Actually, though we may not realize it, that’s what we
mean when we refer to America as ‘the world’s only
superpower.’ Maybe we are, but then again, we might be
fooling ourselves, making a living on yesterday’s strengths.
First, let’s look at the ‘toys.’ Americans
still have a decidedly Cold War attitude toward military superiority,
basing our ‘superpowerness’ on nuclear capability.
We possess the world’s most devastating nuclear arsenal
and the means to deliver those weapons. But nuclear weapons are
intended to deter a similarly armed enemy. In the war on terror – fighting
terrorist groups and states that sponsor them – our nuclear
arsenal counts for nothing.
Let us be
brutally frank here: how likely are we to employ nuclear weapons
against
a terrorist enemy? We know, for example, that
al Qaeda plans to attack the US and that it operates in collusion
with Iran. If what Paul Vallely and Tom McInerney call the ‘nightmare
scenario’ happens – if suitcase nuclear weapons are
detonated in American cities – it is doubtful that we would
retaliate against Teheran with atomic weapons. We would be wracked
with anxiety to ‘prove’ the guilt of a nation-state
and we would have difficulty using WMD ourselves. Examine the
political realities of the situation: the left cannot even seem
to grasp the necessity of US leadership in eliminating a dictatorship
in Iraq that sponsored terrorists. Can we reasonably expect that
American leftists would sit still for use of nuclear weapons
even in retaliation for an attack? We must not be complacent
that mere possession of megatons of nuclear weapons alone makes
us all-powerful. We need the proper quantity ! and quality of
non-nuclear weapons and equipment to fight terrorists effectively.
We also need
to realize that all buckets have bottoms. Many non-specialists
imagine
that military resources are infinite.
We think all strategic quandaries are resolved by invoking a
technology based solution. Got to move troops to some awful,
remote place? Airlift them, we say. Drop in a Ranger battalion.

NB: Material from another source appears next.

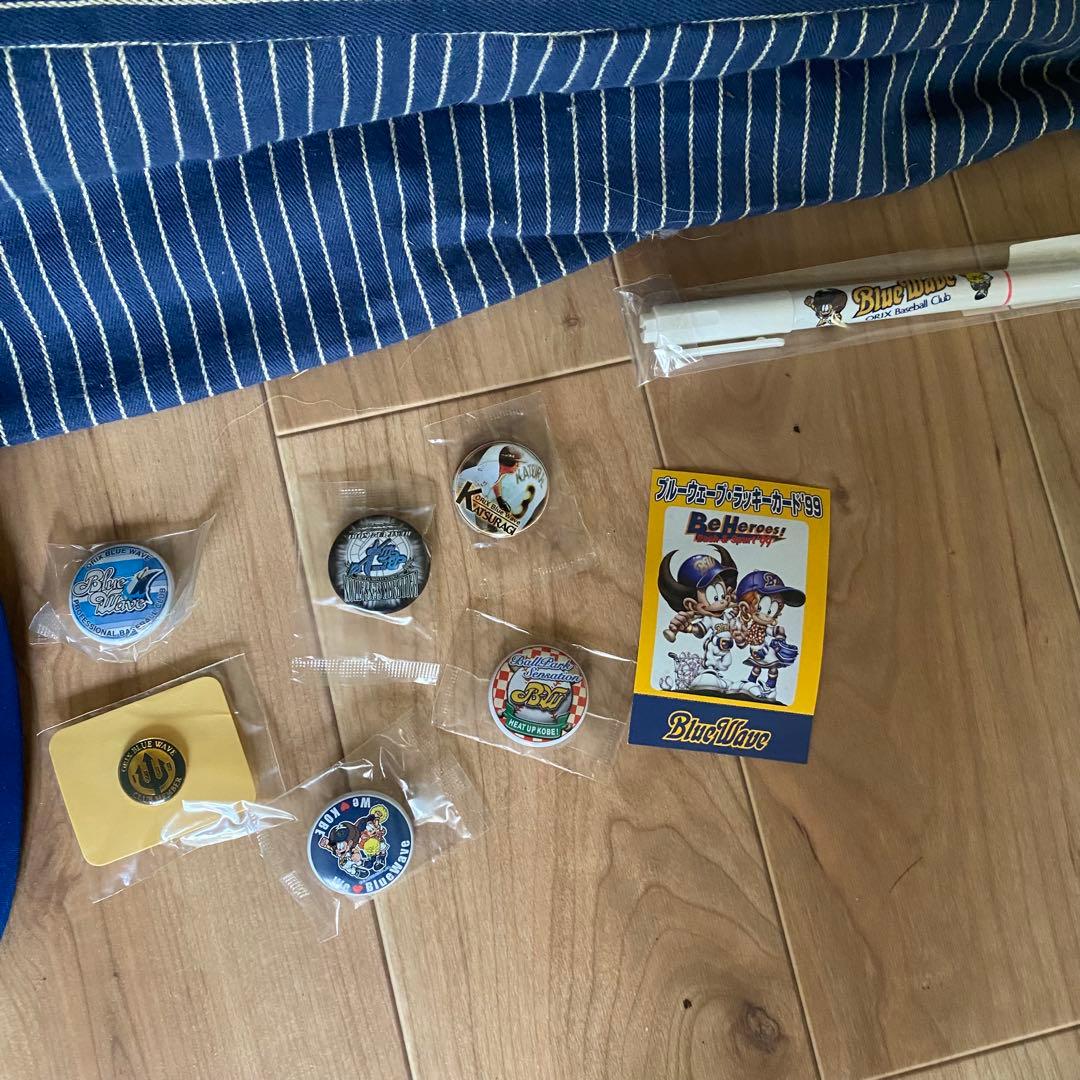 ORIX BlueWave 記念グッズセットまとめ売りサイン色紙等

Insert the paratroops of the 82nd Airborne. Deploy Special Forces.
Make a ‘surgical’ air strike against that target.
Helo in some Marines. All sounds very easy, doesn’t it?
Unfortunately our resources for new equipment acquisition have
been cut drastically for more than a decade. What equipment remains
is worn exceedingly thin. Example: when we air-dropped the 173rd
Brigade - about three thousand troops - into the Kurdish territory
of northeastern Iraq it required almost every C-17 cargo aircraft
in the USAF inventory to carry out the mission. Recall that the
opening operation of Normandy was a three division airborne operation
that dropped more than thirty thousand troops. Perhaps the comparison
to WWII is not the most relevant, but it gives perspective. Not
only could we not do Normandy again as presently equipped, we
could not do Desert Storm again. And that ought to scare us.
When we focus
on non-nuclear weaponry we see that while America is capable – maybe better than anyone else out there – we
are not overwhelming. But we ought to be; we’re the leader
in the anti-terror fight. We are spread too thin and our gear
could be more up-to-date. From an equipment standpoint our infantry
fights with basically the same generation weapon that was used
forty years ago, an M-16 derivative. Armor vehicles haven’t
changed in fifteen years. Our air fleet is aging and relatively
small. B-52s are flown by children of the men who flew them originally.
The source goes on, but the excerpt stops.